Usage-based phonology and simulations as means to investigate unintuitive voicing behavior

Jagoda Bruni, Daniel Duran, Grzegorz Dogil


According to studies conducted by Coetzee & Pretorius (2010) and Rothenberg (1968), languages from the Sotho-Tswana group of Bantu languages demonstrate unintuitive voicing behavior in devoicing of post-nasal voiced plosives (/mb/→[mp]) – unintuitive in that greater articulatory effort is required to terminate voicing than to maintain it (Westbury & Keating, 1986). Nasals preceding stop consonants are said to have appeared in Bantu languages in order to facilitate production of voicing during the stop segment and were lost later during language evolutionary changes in languages like Swahili, Sotho or Duala (Meinhof, 1932). Current studies on Tswana and Shekgalagari (Coetzee & Pretorius, 2 010; Hyman, 2001; Solé et al., 2010), however, demonstrate that nasal segments remained in those languages – surprisingly not only before voiced stops but also before voiceless ones.
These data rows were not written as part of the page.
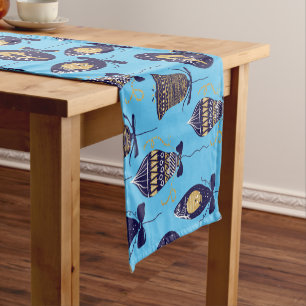 Merry Christmas Pattern Short Table Runner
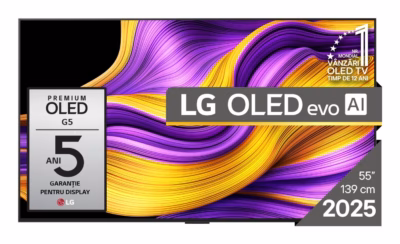 OLED-teler LG OLED evo AI OLED55G51LW, 55" (139,7 cm), 4K Ultra HD, Smart TV, Wi‑Fi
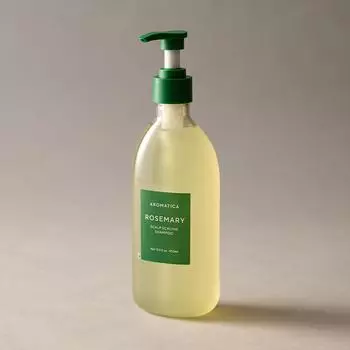 AROMATICA Шампунь от шелушения кожи головы «Розмарин», 400 мл (НОВЫЙ насос)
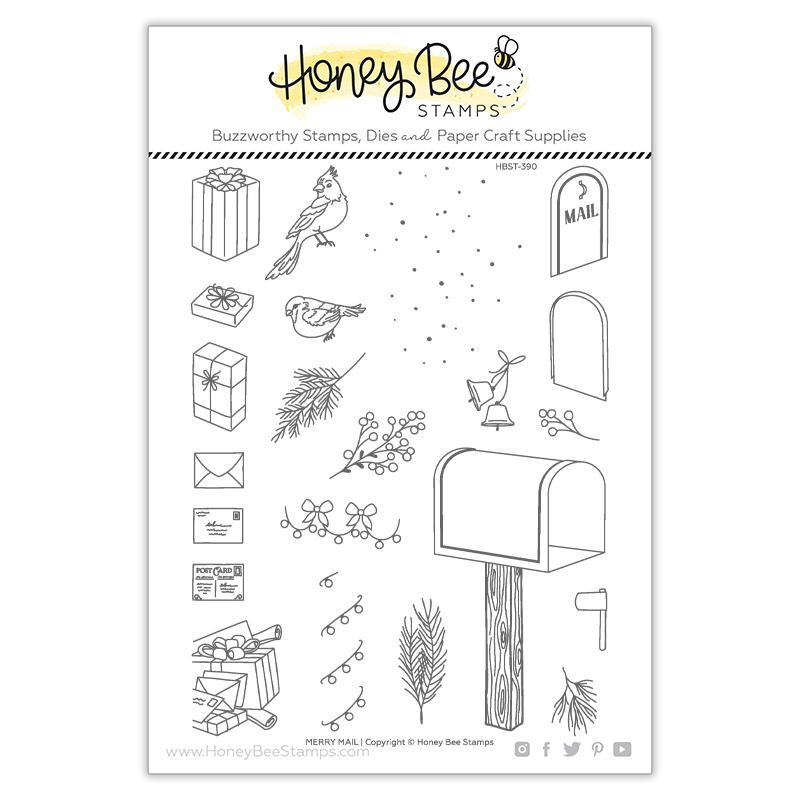 Honey Bee - Merry Mail | 6x8 Stamp Set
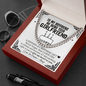 To My Boyfriend Cuban Chain Necklace, Funny Gift for Boyfriend, Unique Birthday Gift for Boyfriend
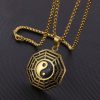 Yin Yang Titanium Steel Balance Necklace Yin Yang Titanium Steel Balance Necklace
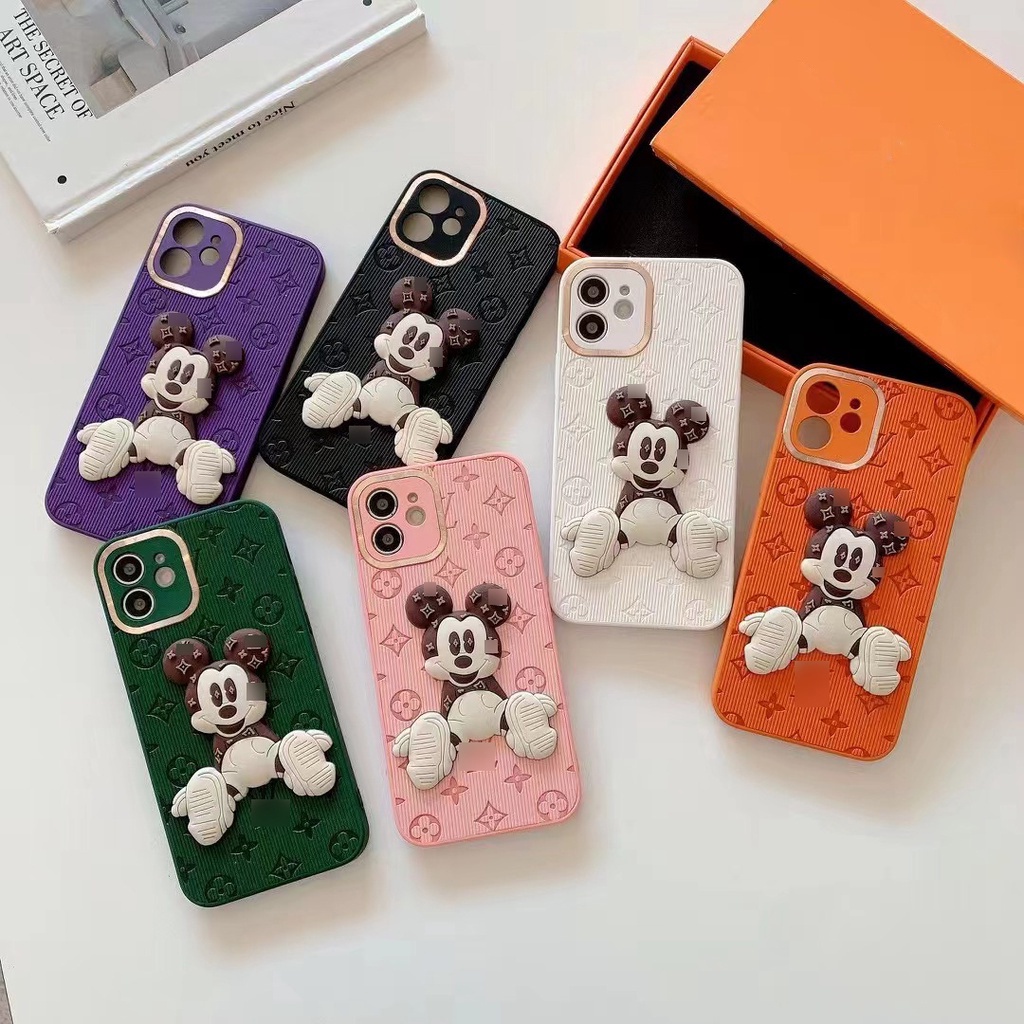Ốp lưng iphone in hình eo vì mickey mạ viền camera 7plus 8plus X Xs max 11 11promax 12 12pro 12promax 13 13pro 13promax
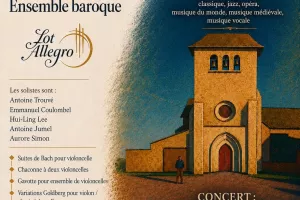 Festival de musique  au Prieuré de Laramière : concert de Bach par Lot Allegro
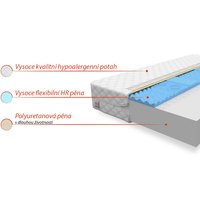 Pěnová matrace COMFORT 200x80x12 cm - HR pěna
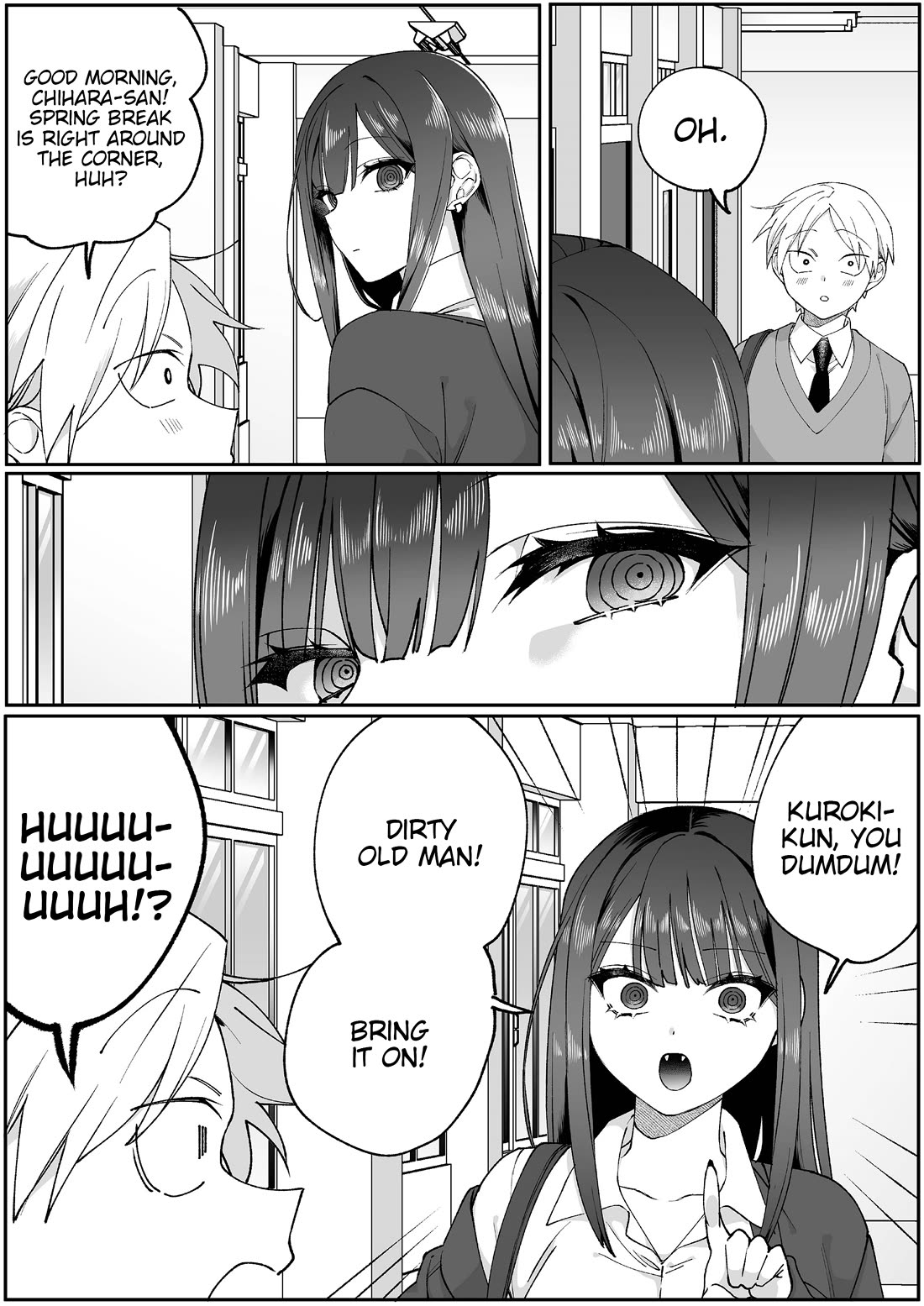 That Girl Is Cute... But Dangerous? Chapter 106 page 1 - Chapter 106: Are you looking for a fight, Chihara-san?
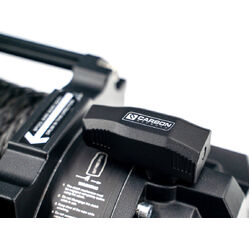 Carbon Scout Pro - 20000lb Extreme Duty Truck Winch with Mega Pro Winch Hook - Black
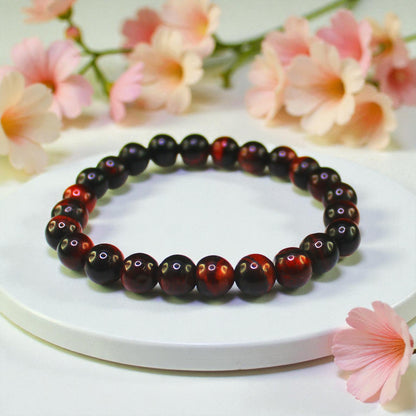 Natural Gemstone Stretch Bracelets – Round Beads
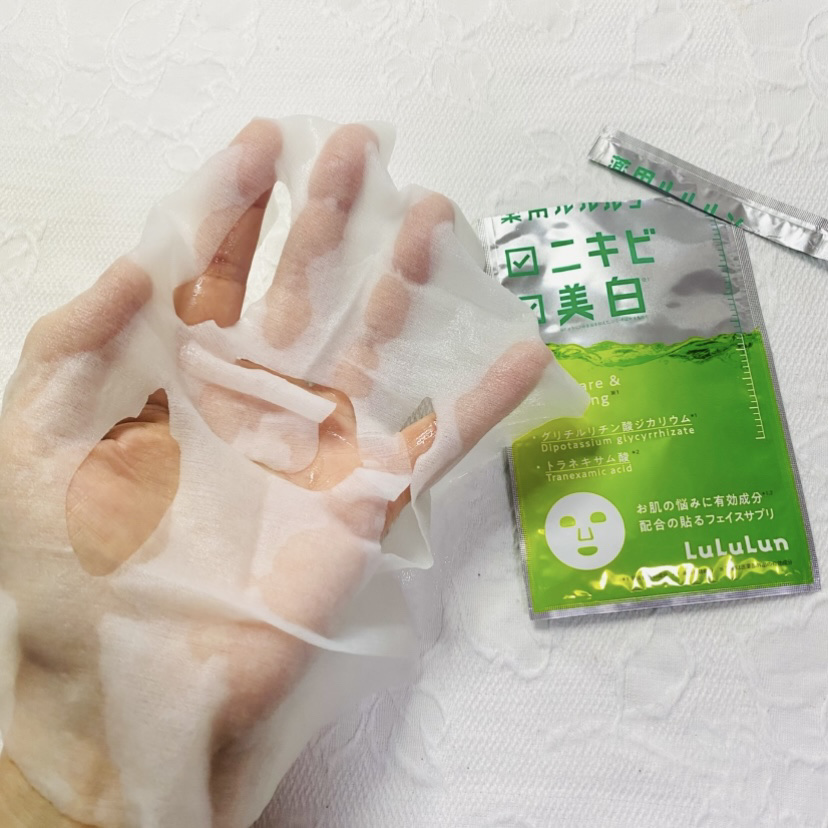 薬用ルルルン 美白アクネ/ルルルン/シートマスク・パックを使ったクチコミ（2枚目）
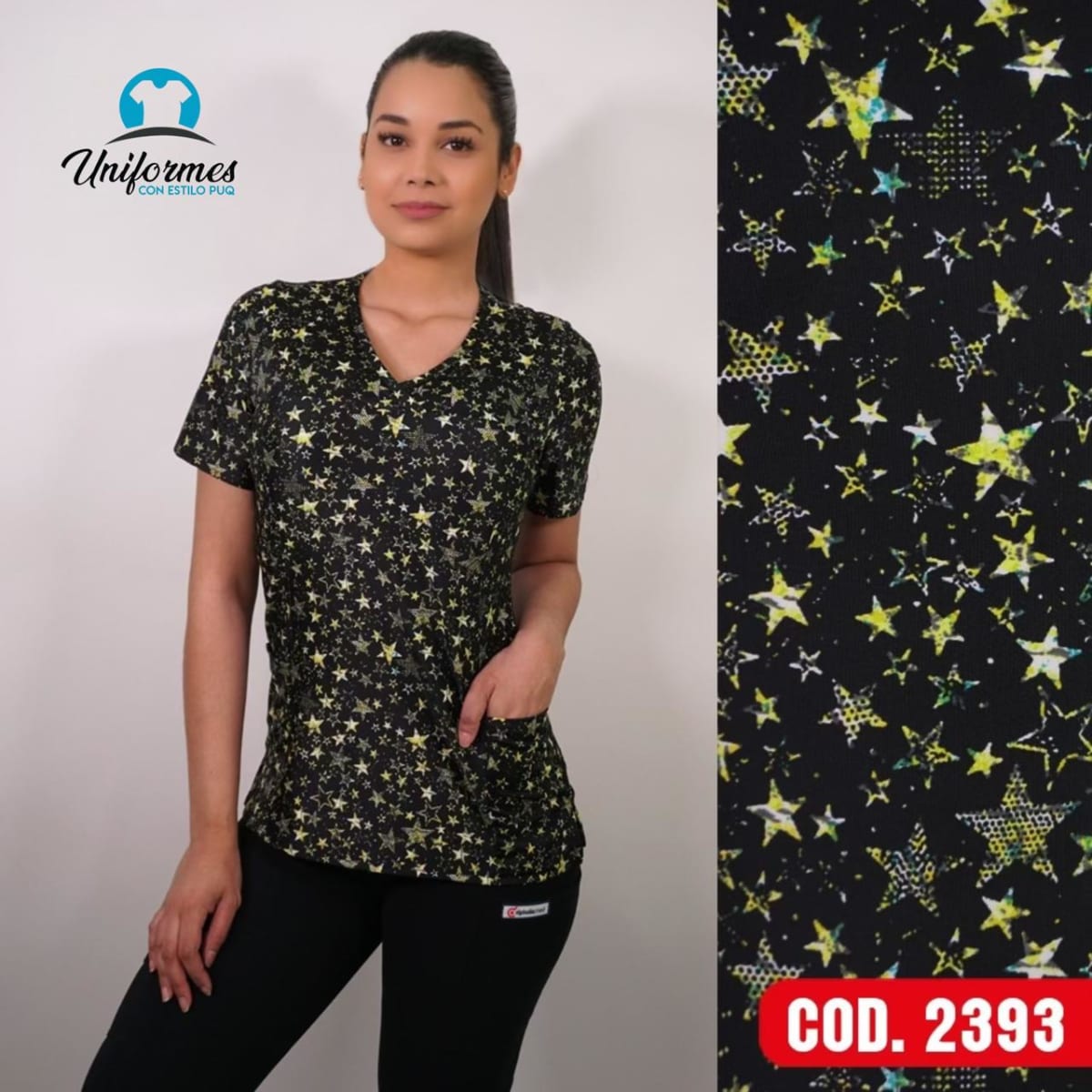 DELANTAL ESTAMPADO ELASTICADO 23931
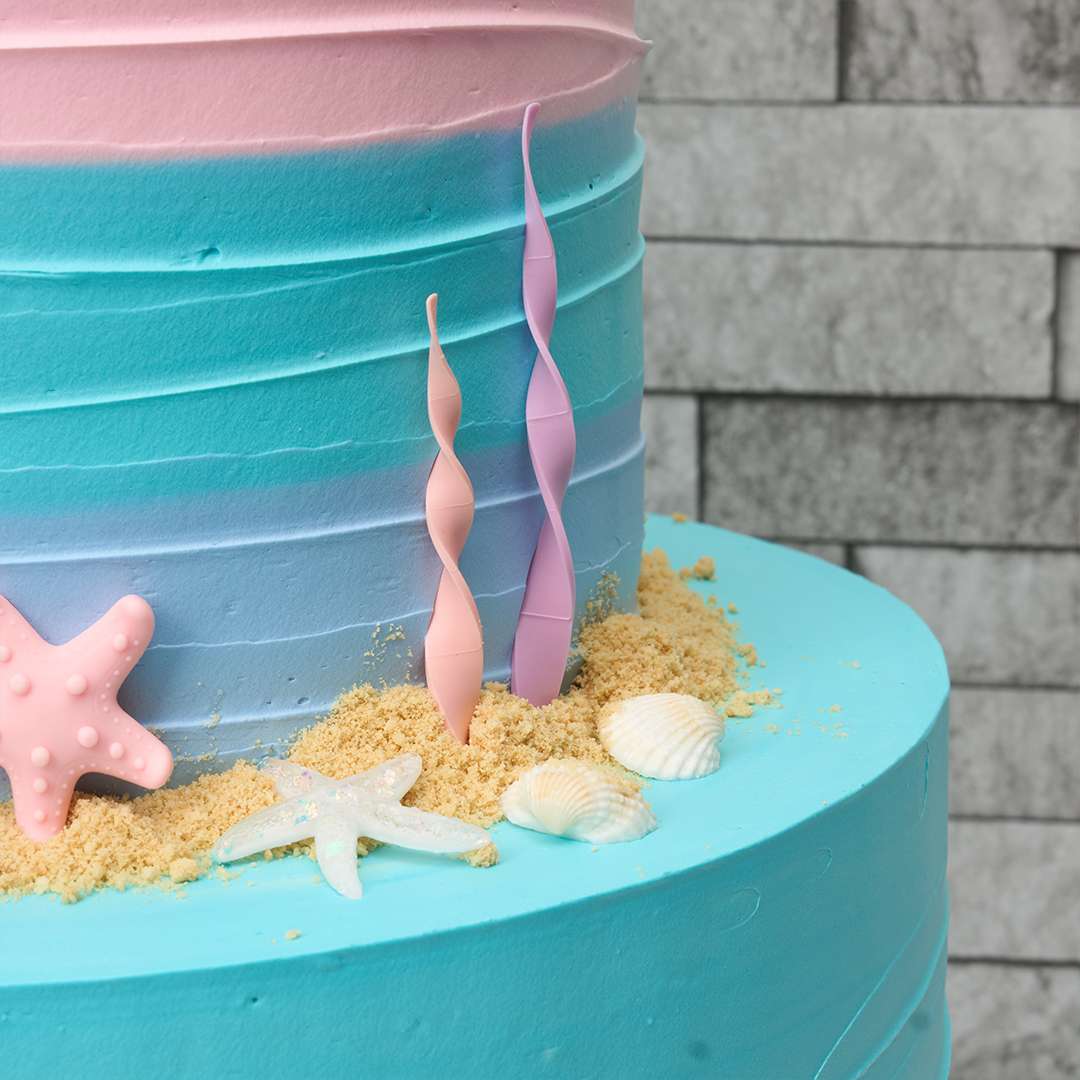 Mermaid Theme Cake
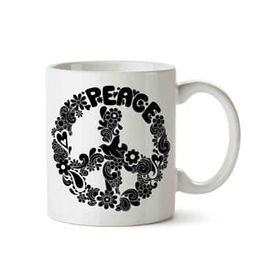 Peace Barış Sembol Baskılı Kupa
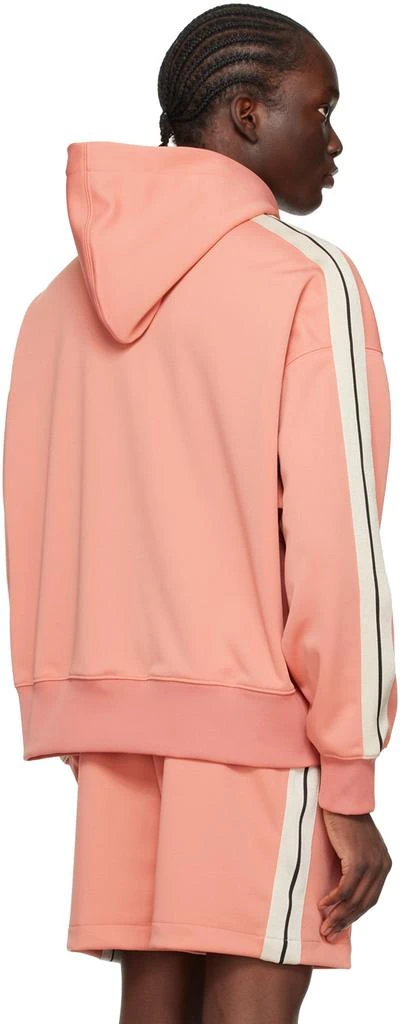 Palm Angels Pink Monogram Hoodie 3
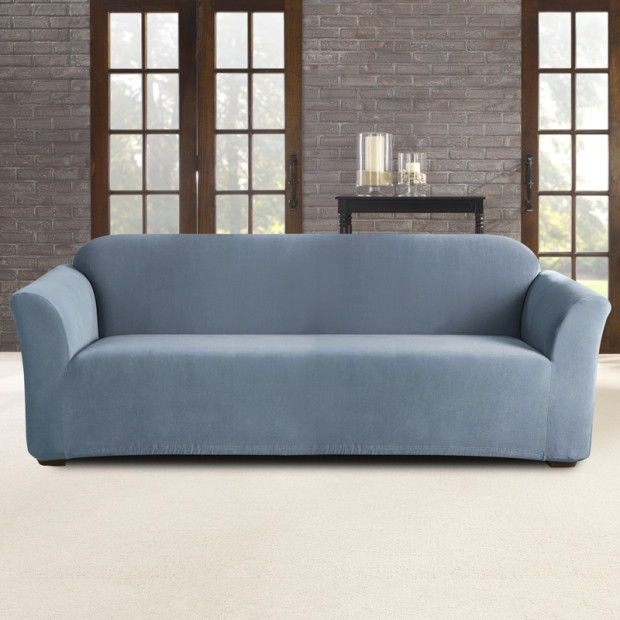 Sure Fit 3 Seater Pearson Sofa Cover - Federal Blue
We present an attempt at using computational simulations on voicing behavior of Tswana post-nasal stops. Previous approaches to phonological simulations (e.g. Boersma & Hamann, 2008) put a strong emphasis on the functional bias and its role in language change. We base our investigations on the assumption that the role of social biases might play even a higher role in the formation and change of phonologically and phonetically driven sociolinguistic processes (Nettle, 1999; Coetzee & Pretorius, 2010).